Utilities Stocks Week Ahead (Dec 22–26, 2025): Data-Center Power Demand, Record PJM Prices, and Fed “Pause” Signals Shape the Holiday Trade

Published: December 21, 2025 — Week Ahead Outlook

Utilities stocks head into the Christmas-shortened trading week caught between two powerful narratives.

On one side, rate cuts and a “soft-ish” growth backdrop usually favor utilities—classic “bond-proxy” shares that tend to benefit when investors expect borrowing costs to drift lower. On the other, utilities are no longer trading like sleepy defensives. The sector is being re-rated as critical AI infrastructure, because data centers are pulling forward years of electricity demand growth and forcing a historic buildout of generation, transmission, and grid hardware.

That tension—lower-rate tailwinds vs. higher-capex and higher-bills backlash—is likely to define utilities trading in the week ahead, especially with liquidity thinning into the holidays.

Below is what matters most for utilities stocks for the week of Monday, Dec. 22 through Friday, Dec. 26, 2025.

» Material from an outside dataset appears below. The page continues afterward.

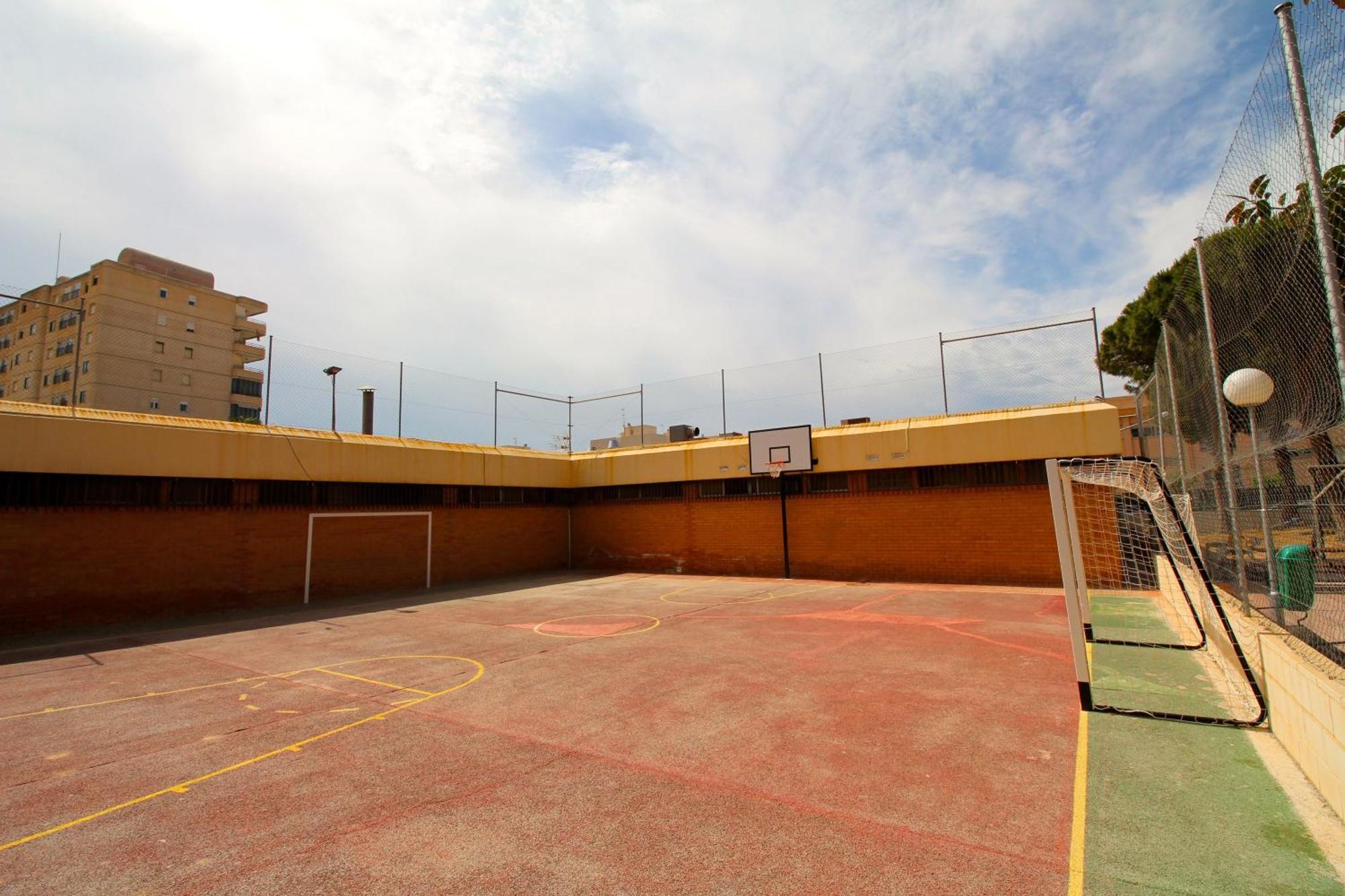 Apartamento Las Torres El Campello Eksteriør bilde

1) Market setup: a holiday week with real macro catalysts

This is a shortened U.S. trading week: U.S. equity markets close early at 1:00 p.m. ET on Wednesday, Dec. 24, and are closed Thursday, Dec. 25 for Christmas. Bond markets are also expected to close early (2:00 p.m. ET) on Dec. 24, per SIFMA’s recommendation.

Holiday weeks often bring lower volume and sharper, more technical moves—and utilities can exaggerate that effect because the sector is heavily owned by income-focused investors and defensively positioned portfolios.

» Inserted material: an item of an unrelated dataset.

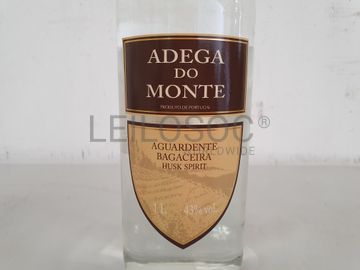 Garrafas Aguardente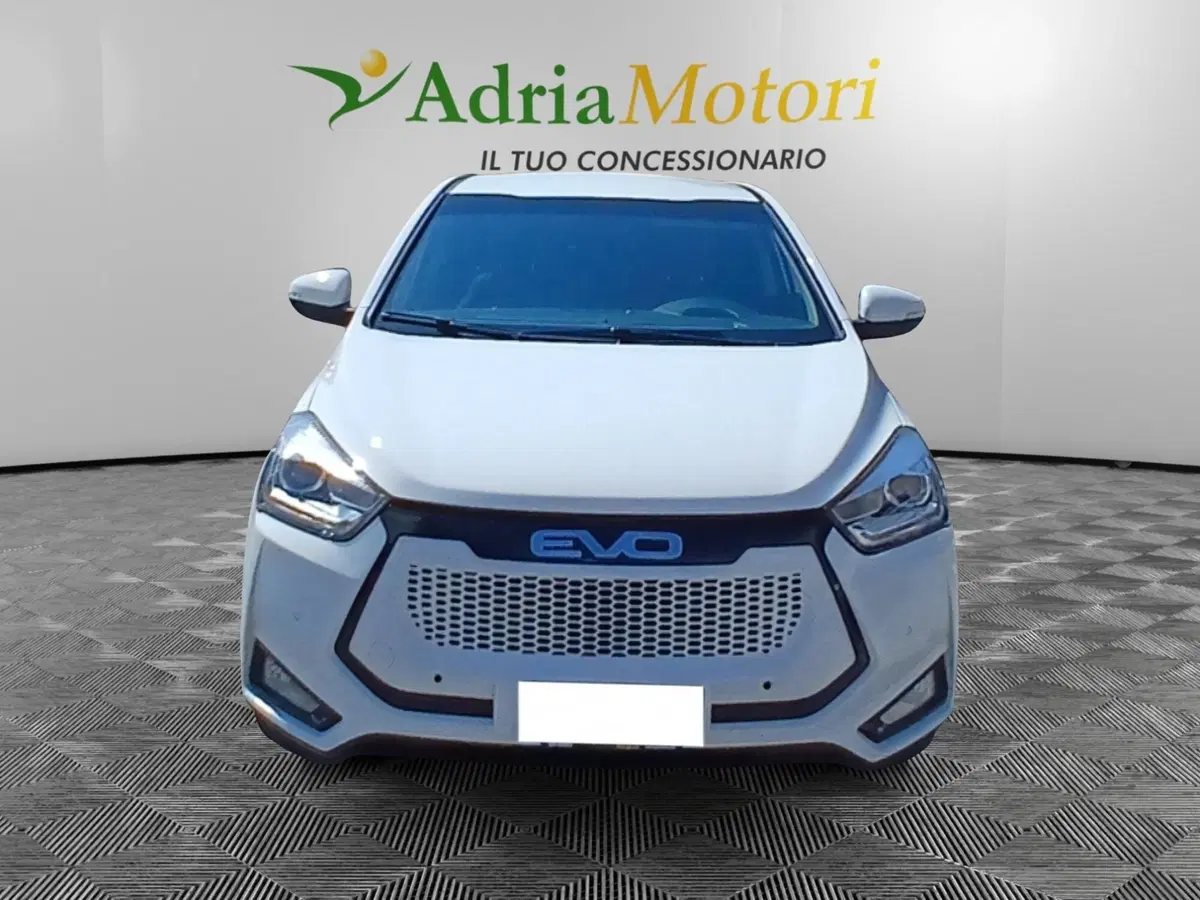 Evo Evo 3 usata a Pordenone (8)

Even so, the calendar is not empty. Markets are bracing for a cluster of delayed and regular macro reports, including Q3 GDP, durable goods, industrial production/capacity utilization, and consumer confidence, plus weekly jobless claims.

Why utilities investors should care: these reports feed directly into rate expectations, which remain one of the fastest levers on utilities valuations.


2) Interest rates: the “cuts happened,” but Fed speakers are hinting at patience

Utilities’ sensitivity to rates isn’t news. What’s new is that rate policy is now colliding with the AI capex cycle.

The Federal Reserve’s benchmark rate sits at 3.5%–3.75%, after recent cuts, and at least one prominent Fed voice is now signaling the central bank may prefer to hold steady for months to assess inflation dynamics.

Meanwhile, the U.S. 10-year Treasury yield remains around the low-4% area (roughly 4.1% recently), keeping the tug-of-war alive between dividend yield appeal and valuation pressure.

Week-ahead implication for utilities stocks:

  • If incoming data or Fed commentary pushes yields down, utilities can rebound quickly—especially higher-quality regulated names.
  • If yields drift up, utilities may lag again, because the sector is simultaneously digesting debt-heavy investment plans tied to grid upgrades and new generation.

3) The sector backdrop: utilities pulled back, but the long-term story is bigger than “defensive”

After a strong run earlier in 2025, utilities have cooled off since mid-October. Barron’s notes the Utilities Select Sector SPDR ETF (XLU) is down about 7% since mid-October, even as the broader S&P 500 has been relatively resilient, and argues the drawdown looks more like positioning than fundamentals.

At the same time, the sector is still up meaningfully year-to-date. For example, XLU’s total return was around +15% YTD as of Dec. 19, 2025 (with dividends reinvested).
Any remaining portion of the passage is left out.